I bet he then will complain about his screen and Mac scratching everywhere. I especially liked the point (near the end of the video) when the kitten starts biting the power cord. Can you say one dead cat.


----------



## simbalala (Jul 11, 2006)

Mikuro said:


> Well, that's one brave fellow. Personally, I would not encourage my cat to attack my notebook screen. Cat claws can't be good for LCDs.


Brave or stupid? There are lots and lots of cat toys that cost far, far, less than $2,000.


----------



## fryke (Jul 11, 2006)

Yeah, but they ain't that stylish and most don't come with a remote.


----------



## adambyte (Jul 11, 2006)

Satcomer said:


> I especially liked the point (near the end of the video) when the kitten starts biting the power cord. Can you say one dead cat.

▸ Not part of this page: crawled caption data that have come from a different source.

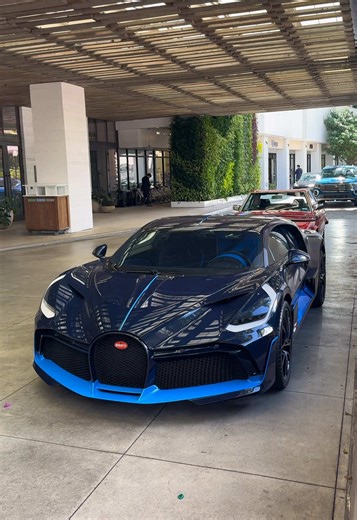 Best Bugatti Divo Specifications
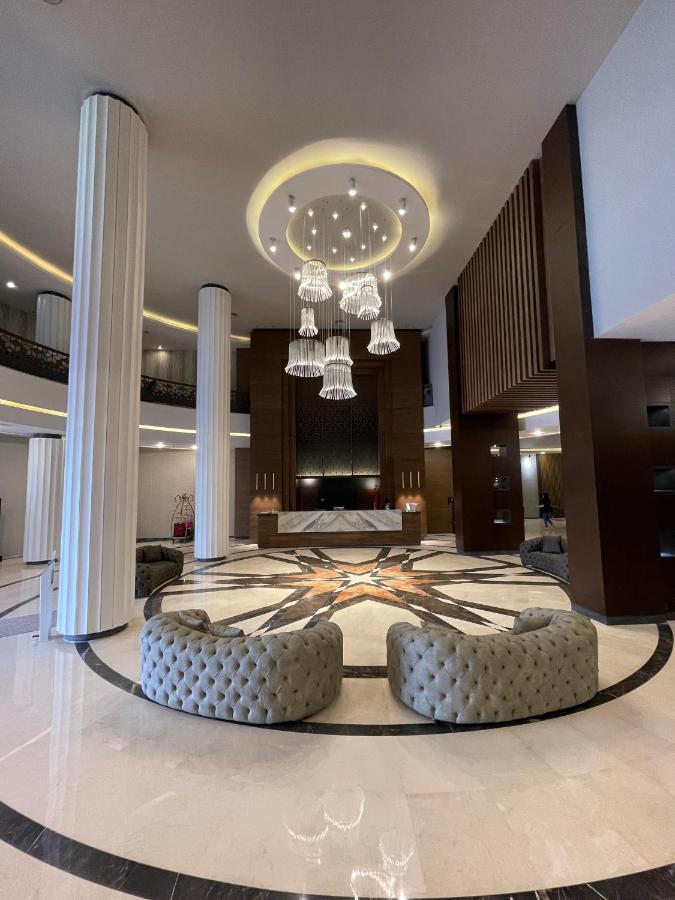 Van Royal Hotel Erbil Buitenkant foto
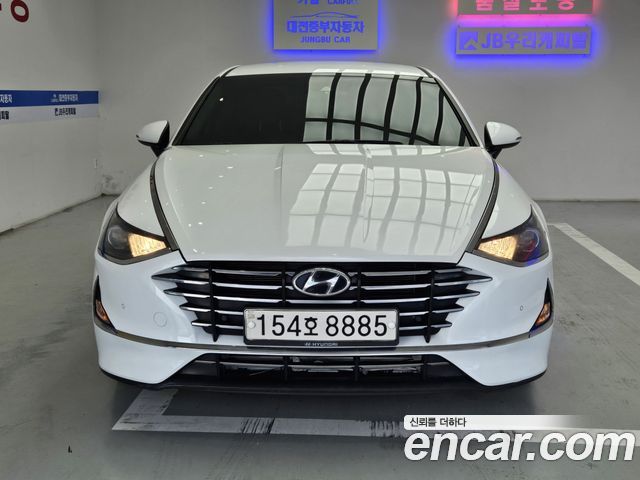 Hyundai Sonata (DN8)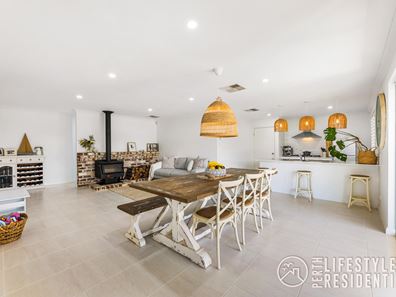 8 Cuttlefish Street, Yanchep WA 6035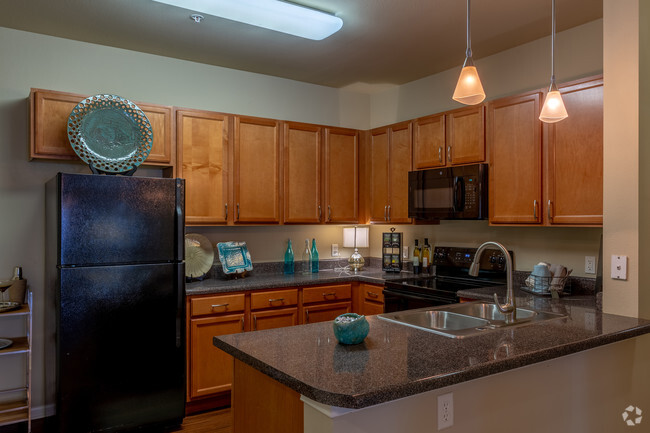 2BR,2BA - Avalon Apartments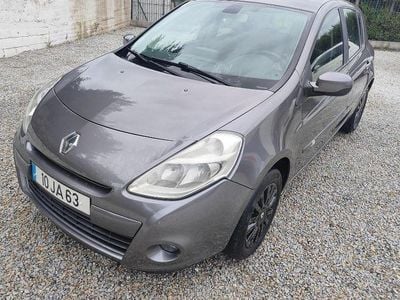 Usado 2010 Renault Clio II Sedan | € 4.250 (Preço justo)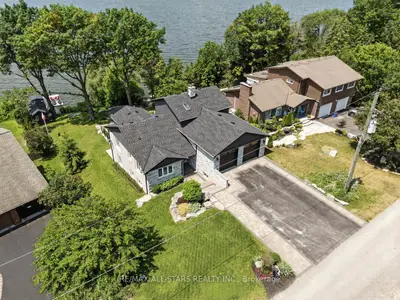 Detached in Scugog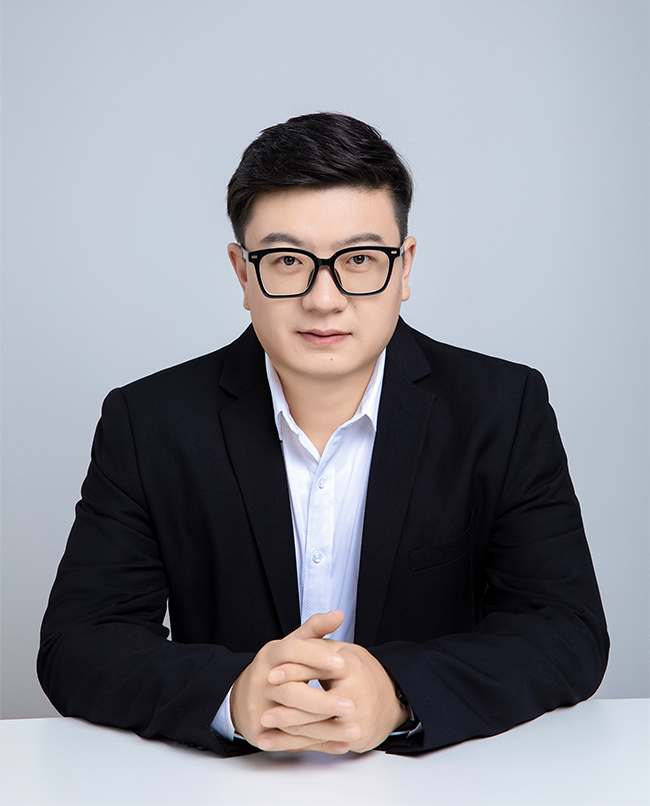 刘涛形象照.jpg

Our cat used to chew on power wires until he got a little shock. We think he did it for the little "buzz" it provided. He lived to a very ripe old age despite his weird addiction to electricity.


----------



## sinclair_tm (Jul 11, 2006)

we used to have a kitten that would bite the small christmas light bulbs on our tree.  we had to not put light around the bottom half of the tree to keep him from doing it.  we were sick of trying to get broken glass out of the carpet.


----------



## HateEternal (Jul 11, 2006)

The best part about this post  is that instead of everyone going "Awww isn't that cute!" They all went "Ohhhhhhhhhhhhh! That poor Mac!!" Which is the same reaction I had, even though it was pretty cute.


----------



## fryke (Jul 12, 2006)

Don't underestimate some people. At least my ex-girlfriend thought the kitten was cute and didn't care much about the 'book.


----------



## Mobius Rex (Jul 12, 2006)

----------------------------------------------------------------------------------------------


----------



## Mobius Rex (Jul 13, 2006)

----------------------------------------------------------------------------------
Delete please


----------



## Mobius Rex (Jul 13, 2006)

Sorry. Please delete.


----------



## symphonix (Jul 14, 2006)

When our dog was a puppy she bit through both the power and video-out cables on my iBook, costing me quite a bit in replacement.


----------



## RGrphc2 (Jul 15, 2006)

the kitten was declawed, you can tell by no marks being left on the screen.  My cat did stuff like that when he was a kitten chasing my mouse cursor around on my desktop


----------



## Mikuro (Jul 15, 2006)

RGrphc2 said:


> the kitten was declawed


 I always forget about that possibility. *grumble* Evil humans...

I'm proud to have scratch marks all up my arm, thankyouverymuch!


----------